Commercial Bank Lending
Finally, we believe it is useful to keep a close watch on how acquisitions are being financed.
Over the past decade, we all have seen commercial banks — with a handful of exceptions – give the field of cash-flow based acquisition finance over to Business Development Corporations (BDCs), credit funds and other non-bank lenders. Limitations on leverage, government regulations, risk-averse credit cultures, and an exodus of seasoned lenders have combined to reinforce their sideline status.
However, it is possible for two things to happen at once. There is evidence that a segment of the market is coming back to commercial banks.
The percentage of deals completed with maximum leverage has declined over the past three years – from 43 percent in 2017 to 41 percent in 2018 to 39 percent in the year to date. We believe this shift reflects buyers choosing more conservative capital structures for smaller businesses, for those with cyclical or regulatory risk and for those that do not play off of the most compelling demographic and economic trends.

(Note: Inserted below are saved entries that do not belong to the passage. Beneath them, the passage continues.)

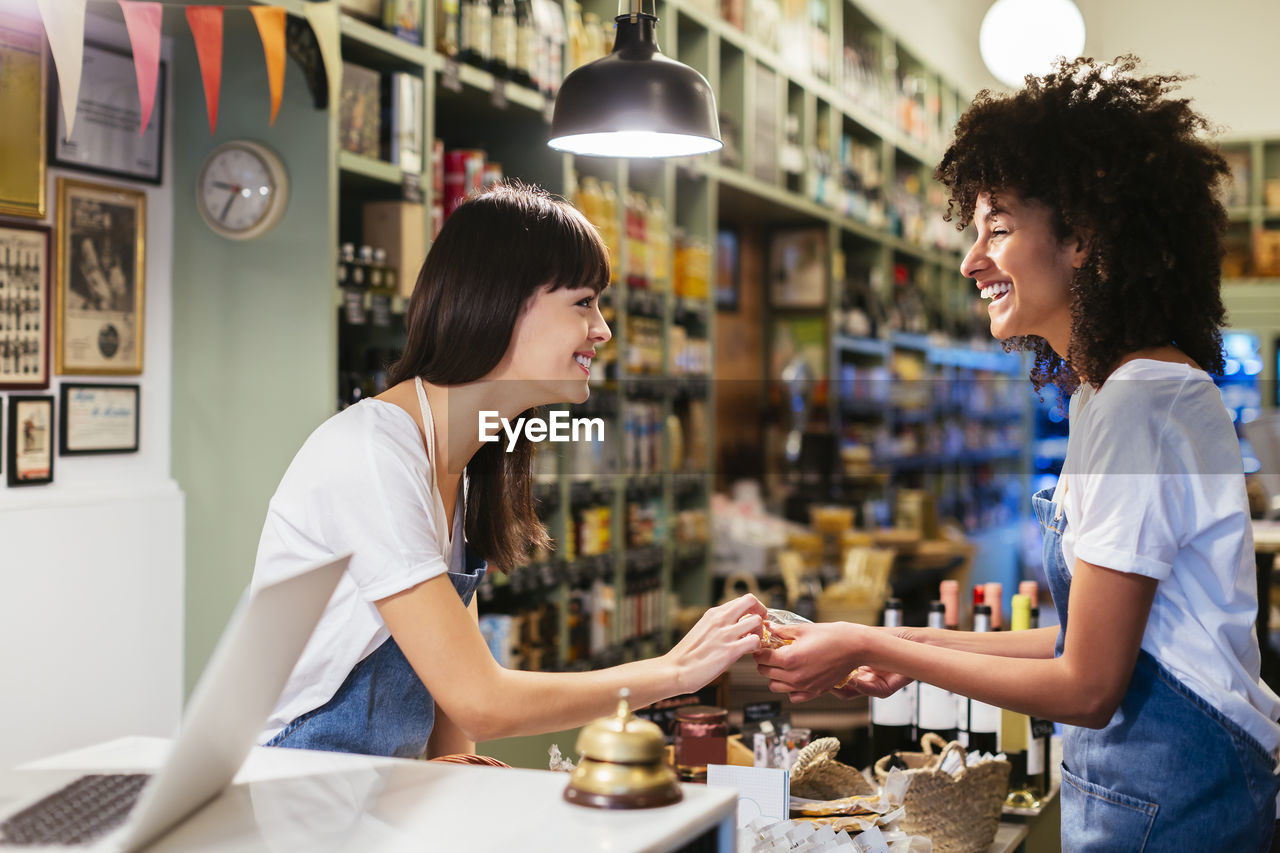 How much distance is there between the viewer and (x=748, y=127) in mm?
5625

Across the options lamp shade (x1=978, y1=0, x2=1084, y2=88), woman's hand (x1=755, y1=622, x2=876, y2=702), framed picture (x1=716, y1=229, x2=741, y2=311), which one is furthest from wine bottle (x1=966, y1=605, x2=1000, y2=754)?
lamp shade (x1=978, y1=0, x2=1084, y2=88)

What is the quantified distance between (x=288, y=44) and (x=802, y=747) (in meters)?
2.15

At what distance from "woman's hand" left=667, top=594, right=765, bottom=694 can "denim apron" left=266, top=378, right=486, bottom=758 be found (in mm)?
359

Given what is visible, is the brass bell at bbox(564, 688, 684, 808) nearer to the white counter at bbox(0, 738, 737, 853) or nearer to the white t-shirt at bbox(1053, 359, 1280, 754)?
the white counter at bbox(0, 738, 737, 853)

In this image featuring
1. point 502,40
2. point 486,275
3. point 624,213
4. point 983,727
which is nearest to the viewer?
point 486,275

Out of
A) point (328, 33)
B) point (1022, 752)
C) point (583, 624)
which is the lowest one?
point (583, 624)

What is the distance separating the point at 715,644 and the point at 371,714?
1.75 ft

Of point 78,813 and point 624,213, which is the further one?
point 624,213

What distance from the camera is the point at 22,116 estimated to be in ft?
9.50

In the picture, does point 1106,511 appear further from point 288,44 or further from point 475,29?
point 475,29

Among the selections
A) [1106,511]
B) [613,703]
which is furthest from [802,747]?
[1106,511]

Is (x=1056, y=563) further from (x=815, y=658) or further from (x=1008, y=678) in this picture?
(x=815, y=658)

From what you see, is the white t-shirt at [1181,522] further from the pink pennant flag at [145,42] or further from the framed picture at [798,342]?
the framed picture at [798,342]

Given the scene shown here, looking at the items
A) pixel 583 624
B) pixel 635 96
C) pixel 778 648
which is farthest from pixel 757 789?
pixel 583 624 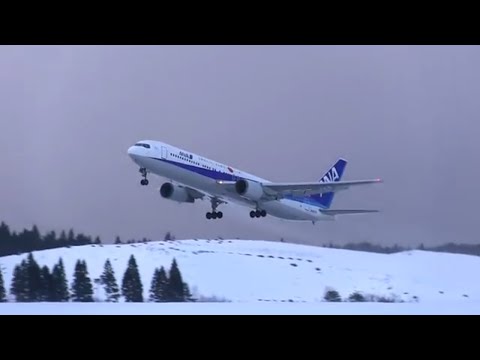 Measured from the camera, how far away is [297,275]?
35.8 m

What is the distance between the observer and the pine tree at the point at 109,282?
108 feet

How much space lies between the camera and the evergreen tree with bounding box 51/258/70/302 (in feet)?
102

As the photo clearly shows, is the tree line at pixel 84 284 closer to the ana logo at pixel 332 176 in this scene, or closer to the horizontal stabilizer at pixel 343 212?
the horizontal stabilizer at pixel 343 212

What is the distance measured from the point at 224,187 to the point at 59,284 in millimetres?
9206

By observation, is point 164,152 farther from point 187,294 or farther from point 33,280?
point 33,280

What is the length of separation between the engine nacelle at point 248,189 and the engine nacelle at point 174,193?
2979 millimetres

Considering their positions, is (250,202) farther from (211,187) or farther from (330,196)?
(330,196)

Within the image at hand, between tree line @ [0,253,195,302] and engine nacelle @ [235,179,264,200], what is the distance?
20.3 feet

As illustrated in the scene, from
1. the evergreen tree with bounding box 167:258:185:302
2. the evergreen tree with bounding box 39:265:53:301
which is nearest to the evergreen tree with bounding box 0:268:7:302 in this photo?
the evergreen tree with bounding box 39:265:53:301

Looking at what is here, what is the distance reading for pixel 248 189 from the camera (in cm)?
2778

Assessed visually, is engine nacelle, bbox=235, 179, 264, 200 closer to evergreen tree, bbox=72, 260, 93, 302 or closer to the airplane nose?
the airplane nose

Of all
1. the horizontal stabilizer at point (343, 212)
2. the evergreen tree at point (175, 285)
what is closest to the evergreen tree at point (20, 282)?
the evergreen tree at point (175, 285) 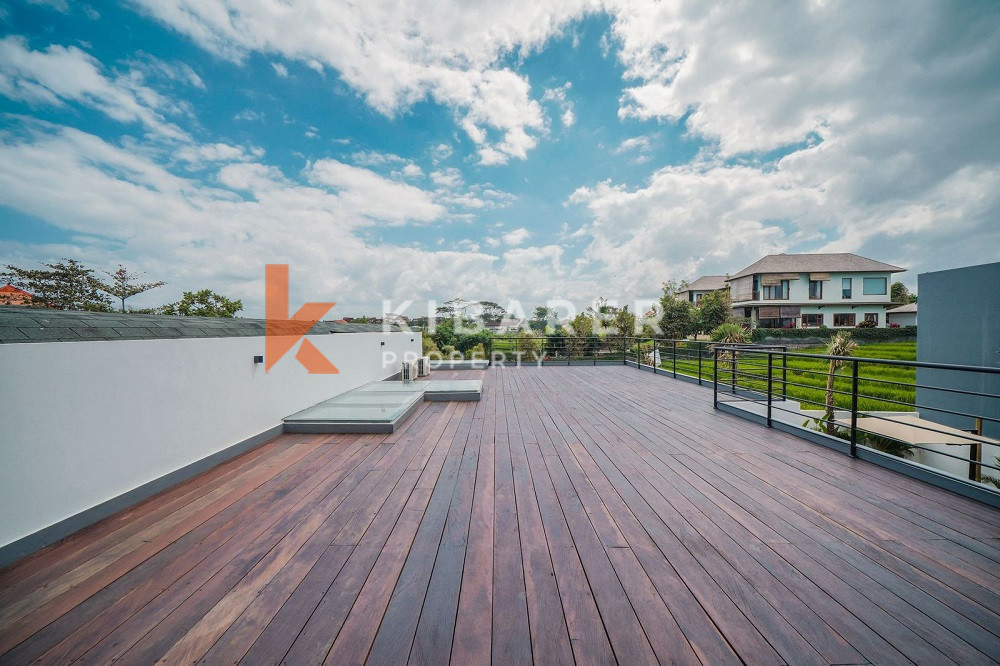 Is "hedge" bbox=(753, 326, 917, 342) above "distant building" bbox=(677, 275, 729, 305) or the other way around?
Answer: the other way around

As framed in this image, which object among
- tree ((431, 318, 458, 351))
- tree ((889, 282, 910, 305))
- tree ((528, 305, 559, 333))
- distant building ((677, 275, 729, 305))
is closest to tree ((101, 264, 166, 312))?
tree ((431, 318, 458, 351))

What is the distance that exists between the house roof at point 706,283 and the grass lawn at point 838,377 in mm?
10884

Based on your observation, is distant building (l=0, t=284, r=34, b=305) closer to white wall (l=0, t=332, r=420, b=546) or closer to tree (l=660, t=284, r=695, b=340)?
white wall (l=0, t=332, r=420, b=546)

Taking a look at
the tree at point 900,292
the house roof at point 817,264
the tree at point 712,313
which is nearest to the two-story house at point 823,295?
the house roof at point 817,264

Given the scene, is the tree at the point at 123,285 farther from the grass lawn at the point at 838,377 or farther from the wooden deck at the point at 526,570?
the grass lawn at the point at 838,377

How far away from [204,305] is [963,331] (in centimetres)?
1598

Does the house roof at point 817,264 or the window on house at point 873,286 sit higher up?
the house roof at point 817,264

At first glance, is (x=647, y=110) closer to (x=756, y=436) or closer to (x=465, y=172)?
(x=465, y=172)

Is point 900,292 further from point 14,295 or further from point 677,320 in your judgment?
point 14,295

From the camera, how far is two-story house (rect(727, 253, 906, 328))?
2294 cm

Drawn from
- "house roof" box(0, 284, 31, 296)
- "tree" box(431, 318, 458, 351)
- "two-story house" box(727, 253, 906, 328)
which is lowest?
"tree" box(431, 318, 458, 351)

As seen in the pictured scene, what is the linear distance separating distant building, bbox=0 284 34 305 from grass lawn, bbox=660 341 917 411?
1157cm

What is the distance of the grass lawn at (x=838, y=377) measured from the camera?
3288mm

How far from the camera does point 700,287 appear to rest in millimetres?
30812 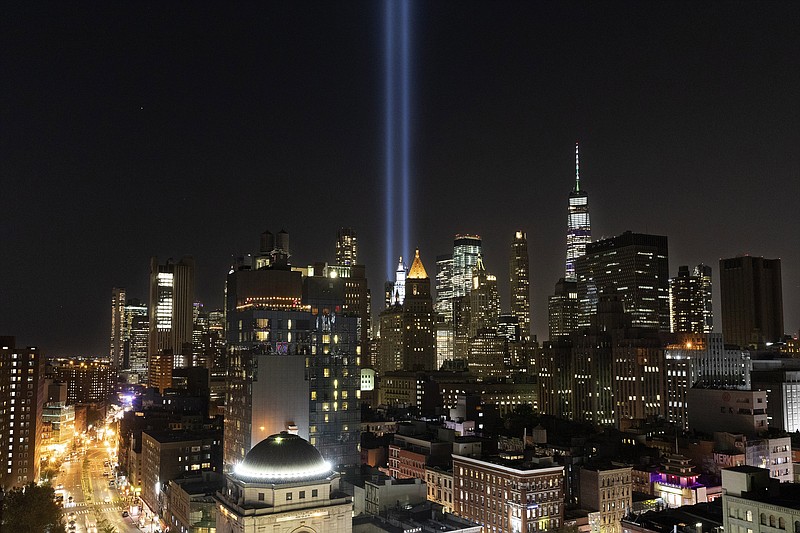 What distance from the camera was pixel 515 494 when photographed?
11994 cm

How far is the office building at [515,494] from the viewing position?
119m

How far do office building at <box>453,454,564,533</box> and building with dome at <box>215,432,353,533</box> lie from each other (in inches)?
2246

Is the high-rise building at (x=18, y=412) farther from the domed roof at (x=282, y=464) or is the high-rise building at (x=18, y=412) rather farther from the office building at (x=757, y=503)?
the office building at (x=757, y=503)

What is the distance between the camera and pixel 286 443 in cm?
7038

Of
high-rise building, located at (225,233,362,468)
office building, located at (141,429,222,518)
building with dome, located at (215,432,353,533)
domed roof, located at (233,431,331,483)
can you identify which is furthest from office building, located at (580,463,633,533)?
office building, located at (141,429,222,518)

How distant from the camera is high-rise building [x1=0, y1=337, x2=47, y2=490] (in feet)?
541

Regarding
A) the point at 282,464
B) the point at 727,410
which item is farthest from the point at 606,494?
the point at 282,464

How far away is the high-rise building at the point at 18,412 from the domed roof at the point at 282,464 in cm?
12097

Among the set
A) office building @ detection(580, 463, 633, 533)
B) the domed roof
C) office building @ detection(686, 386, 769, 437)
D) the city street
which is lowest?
the city street

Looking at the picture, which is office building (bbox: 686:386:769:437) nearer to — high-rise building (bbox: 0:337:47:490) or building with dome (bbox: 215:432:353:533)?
building with dome (bbox: 215:432:353:533)

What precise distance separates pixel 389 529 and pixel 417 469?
206 feet

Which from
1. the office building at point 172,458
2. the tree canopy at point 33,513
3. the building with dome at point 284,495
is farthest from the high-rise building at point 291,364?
the building with dome at point 284,495

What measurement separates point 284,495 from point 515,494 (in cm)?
6352

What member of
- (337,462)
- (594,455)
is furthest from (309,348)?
(594,455)
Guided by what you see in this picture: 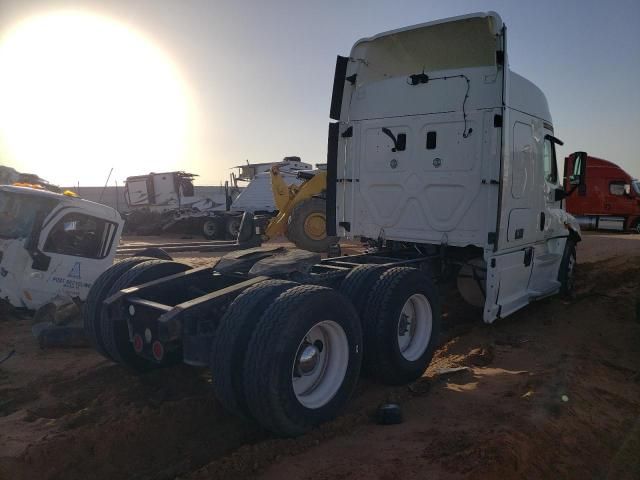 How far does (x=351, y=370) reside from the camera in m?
3.92

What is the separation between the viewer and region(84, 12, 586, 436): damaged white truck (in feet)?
11.4

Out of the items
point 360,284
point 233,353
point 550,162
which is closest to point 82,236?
point 360,284

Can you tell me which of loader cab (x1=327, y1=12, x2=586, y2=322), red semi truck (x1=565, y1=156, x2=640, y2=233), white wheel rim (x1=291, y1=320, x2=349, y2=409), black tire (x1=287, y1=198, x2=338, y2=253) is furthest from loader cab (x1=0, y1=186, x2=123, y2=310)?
red semi truck (x1=565, y1=156, x2=640, y2=233)

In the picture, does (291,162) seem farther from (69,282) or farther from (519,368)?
(519,368)

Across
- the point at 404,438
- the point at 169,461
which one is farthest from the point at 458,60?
the point at 169,461

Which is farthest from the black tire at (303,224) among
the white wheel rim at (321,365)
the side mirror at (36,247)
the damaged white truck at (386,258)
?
the white wheel rim at (321,365)

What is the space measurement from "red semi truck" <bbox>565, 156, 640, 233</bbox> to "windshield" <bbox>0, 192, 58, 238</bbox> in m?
20.3

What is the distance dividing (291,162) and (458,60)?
16.2 meters

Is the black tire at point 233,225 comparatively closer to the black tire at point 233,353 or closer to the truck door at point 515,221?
the truck door at point 515,221

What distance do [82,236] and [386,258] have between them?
14.1 feet

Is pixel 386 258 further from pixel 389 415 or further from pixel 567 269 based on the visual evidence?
pixel 567 269

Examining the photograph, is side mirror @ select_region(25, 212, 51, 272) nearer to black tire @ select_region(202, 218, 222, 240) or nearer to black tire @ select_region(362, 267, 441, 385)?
black tire @ select_region(362, 267, 441, 385)

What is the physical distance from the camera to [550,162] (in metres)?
7.03

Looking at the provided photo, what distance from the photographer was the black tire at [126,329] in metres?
4.39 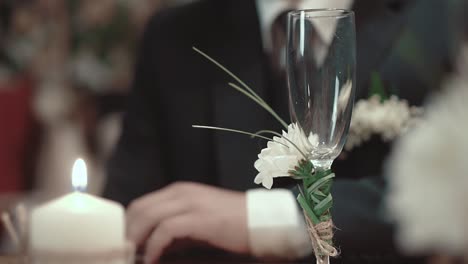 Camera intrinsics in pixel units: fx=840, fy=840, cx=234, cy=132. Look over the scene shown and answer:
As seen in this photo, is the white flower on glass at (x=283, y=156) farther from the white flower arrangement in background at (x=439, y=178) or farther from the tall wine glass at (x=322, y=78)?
the white flower arrangement in background at (x=439, y=178)

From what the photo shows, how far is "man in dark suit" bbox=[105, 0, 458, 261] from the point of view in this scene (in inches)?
36.3

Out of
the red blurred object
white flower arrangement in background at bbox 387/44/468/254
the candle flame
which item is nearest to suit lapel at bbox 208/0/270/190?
the candle flame

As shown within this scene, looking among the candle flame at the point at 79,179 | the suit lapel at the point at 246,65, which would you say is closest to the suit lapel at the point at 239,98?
the suit lapel at the point at 246,65

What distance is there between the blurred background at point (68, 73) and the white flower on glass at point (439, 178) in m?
2.17

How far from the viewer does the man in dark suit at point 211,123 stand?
0.92 m

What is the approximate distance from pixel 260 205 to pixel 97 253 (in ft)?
1.31

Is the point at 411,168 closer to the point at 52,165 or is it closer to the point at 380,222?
the point at 380,222

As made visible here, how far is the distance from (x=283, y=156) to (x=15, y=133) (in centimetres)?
190

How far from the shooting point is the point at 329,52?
510mm

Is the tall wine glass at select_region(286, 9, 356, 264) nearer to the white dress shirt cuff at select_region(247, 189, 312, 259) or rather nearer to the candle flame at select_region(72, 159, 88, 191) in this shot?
the candle flame at select_region(72, 159, 88, 191)

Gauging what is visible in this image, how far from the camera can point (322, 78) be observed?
506mm

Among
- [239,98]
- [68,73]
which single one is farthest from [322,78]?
[68,73]

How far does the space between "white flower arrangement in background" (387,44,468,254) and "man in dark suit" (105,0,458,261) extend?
41cm

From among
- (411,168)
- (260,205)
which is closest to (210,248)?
(260,205) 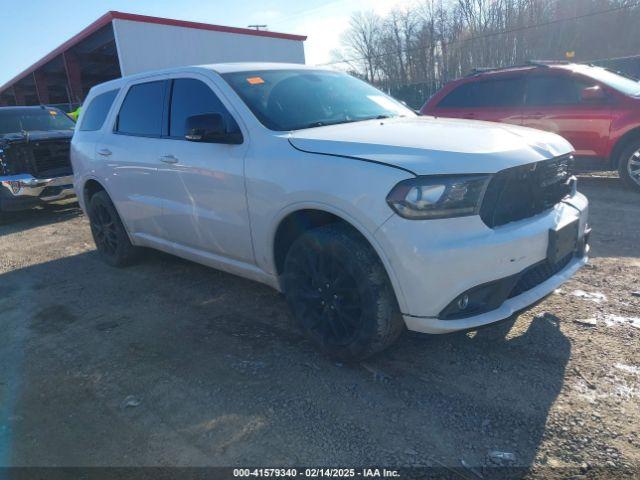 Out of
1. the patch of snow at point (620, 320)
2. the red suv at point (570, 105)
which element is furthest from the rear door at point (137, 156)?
the red suv at point (570, 105)

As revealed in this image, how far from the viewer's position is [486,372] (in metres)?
2.94

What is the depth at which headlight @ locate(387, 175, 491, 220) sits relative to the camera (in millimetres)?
2555

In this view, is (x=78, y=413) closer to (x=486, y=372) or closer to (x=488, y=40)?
(x=486, y=372)

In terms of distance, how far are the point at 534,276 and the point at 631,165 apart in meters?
5.11

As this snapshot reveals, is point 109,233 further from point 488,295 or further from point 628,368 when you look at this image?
point 628,368

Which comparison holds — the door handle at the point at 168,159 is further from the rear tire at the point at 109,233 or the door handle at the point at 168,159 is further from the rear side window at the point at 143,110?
the rear tire at the point at 109,233

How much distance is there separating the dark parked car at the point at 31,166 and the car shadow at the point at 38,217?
0.34m

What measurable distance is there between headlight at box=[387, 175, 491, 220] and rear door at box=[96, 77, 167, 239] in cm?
246

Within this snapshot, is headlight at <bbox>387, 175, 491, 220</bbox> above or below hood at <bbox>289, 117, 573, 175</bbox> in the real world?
below

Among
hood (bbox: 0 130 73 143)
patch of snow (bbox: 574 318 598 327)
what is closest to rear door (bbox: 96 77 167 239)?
patch of snow (bbox: 574 318 598 327)

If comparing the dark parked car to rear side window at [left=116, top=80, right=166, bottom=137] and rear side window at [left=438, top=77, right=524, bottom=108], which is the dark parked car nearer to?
rear side window at [left=116, top=80, right=166, bottom=137]

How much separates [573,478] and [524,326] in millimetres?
1404

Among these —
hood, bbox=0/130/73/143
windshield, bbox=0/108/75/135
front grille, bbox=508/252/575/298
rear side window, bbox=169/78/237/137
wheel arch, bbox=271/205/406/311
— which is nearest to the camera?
wheel arch, bbox=271/205/406/311

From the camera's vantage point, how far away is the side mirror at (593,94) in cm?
714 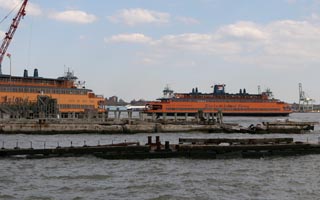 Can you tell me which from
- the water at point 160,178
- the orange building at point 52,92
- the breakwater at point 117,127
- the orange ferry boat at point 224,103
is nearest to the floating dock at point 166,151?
the water at point 160,178

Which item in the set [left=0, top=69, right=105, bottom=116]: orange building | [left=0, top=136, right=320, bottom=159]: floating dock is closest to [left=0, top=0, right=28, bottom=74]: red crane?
[left=0, top=69, right=105, bottom=116]: orange building

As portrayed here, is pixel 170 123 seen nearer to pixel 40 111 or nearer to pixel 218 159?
pixel 40 111

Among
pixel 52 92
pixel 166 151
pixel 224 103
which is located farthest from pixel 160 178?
pixel 224 103

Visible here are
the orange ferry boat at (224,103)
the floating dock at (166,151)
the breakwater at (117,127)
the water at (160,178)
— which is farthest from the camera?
the orange ferry boat at (224,103)

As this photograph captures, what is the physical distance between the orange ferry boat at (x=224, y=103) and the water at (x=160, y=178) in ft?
459

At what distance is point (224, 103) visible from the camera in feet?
622

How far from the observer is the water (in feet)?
91.4

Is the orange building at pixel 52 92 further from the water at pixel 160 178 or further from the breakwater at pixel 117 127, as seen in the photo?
the water at pixel 160 178

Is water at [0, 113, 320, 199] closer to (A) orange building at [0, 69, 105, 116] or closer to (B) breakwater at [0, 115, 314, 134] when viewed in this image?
(B) breakwater at [0, 115, 314, 134]

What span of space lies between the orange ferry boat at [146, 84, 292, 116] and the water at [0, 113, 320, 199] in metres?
140

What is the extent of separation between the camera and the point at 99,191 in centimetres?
2841

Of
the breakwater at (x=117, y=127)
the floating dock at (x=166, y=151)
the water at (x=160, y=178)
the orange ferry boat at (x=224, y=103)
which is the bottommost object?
the water at (x=160, y=178)

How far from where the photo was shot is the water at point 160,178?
1097 inches

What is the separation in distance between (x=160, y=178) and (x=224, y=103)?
6257 inches
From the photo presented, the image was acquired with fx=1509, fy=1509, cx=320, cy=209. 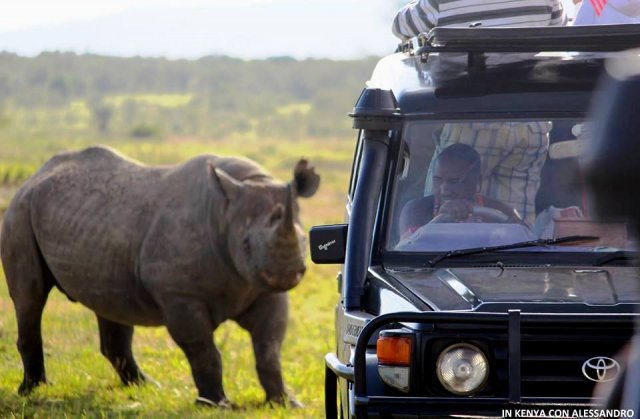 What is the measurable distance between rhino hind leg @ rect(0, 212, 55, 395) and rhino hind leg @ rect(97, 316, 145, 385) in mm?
510

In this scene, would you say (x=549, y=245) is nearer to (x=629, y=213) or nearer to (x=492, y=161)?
(x=492, y=161)

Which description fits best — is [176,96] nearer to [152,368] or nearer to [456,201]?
[152,368]

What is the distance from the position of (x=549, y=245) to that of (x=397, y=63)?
1402mm

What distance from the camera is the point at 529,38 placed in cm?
609

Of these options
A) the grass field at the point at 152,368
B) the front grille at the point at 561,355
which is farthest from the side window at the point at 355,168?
the grass field at the point at 152,368

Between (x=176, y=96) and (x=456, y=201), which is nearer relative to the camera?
(x=456, y=201)

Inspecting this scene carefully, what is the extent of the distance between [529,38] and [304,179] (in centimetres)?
504

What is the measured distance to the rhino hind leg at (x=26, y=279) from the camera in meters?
11.1

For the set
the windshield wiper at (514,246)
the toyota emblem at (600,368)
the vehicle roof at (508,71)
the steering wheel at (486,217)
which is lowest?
the toyota emblem at (600,368)

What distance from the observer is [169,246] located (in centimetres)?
1072

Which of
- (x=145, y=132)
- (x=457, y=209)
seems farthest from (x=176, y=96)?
(x=457, y=209)

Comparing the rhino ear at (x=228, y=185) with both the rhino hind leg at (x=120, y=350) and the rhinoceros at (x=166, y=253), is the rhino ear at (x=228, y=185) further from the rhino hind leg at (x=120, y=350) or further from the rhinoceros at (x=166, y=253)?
the rhino hind leg at (x=120, y=350)

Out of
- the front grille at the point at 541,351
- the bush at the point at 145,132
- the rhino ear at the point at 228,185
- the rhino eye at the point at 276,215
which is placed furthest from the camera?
the bush at the point at 145,132

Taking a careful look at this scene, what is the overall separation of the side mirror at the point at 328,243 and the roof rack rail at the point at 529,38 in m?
0.83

Churchill Asset Management’s market letter The Lead Left takes a broader view of market share in leverage finance, drawing on data from several sources. As the chart below indicates, commercial banks have gained share in the year to date, rising to 14.8 percent. This is the greatest level of bank participation since 2011. Note that this data comprises institutional loans; presumably, the profile of commercial banks would be magnified on non-institutional deals.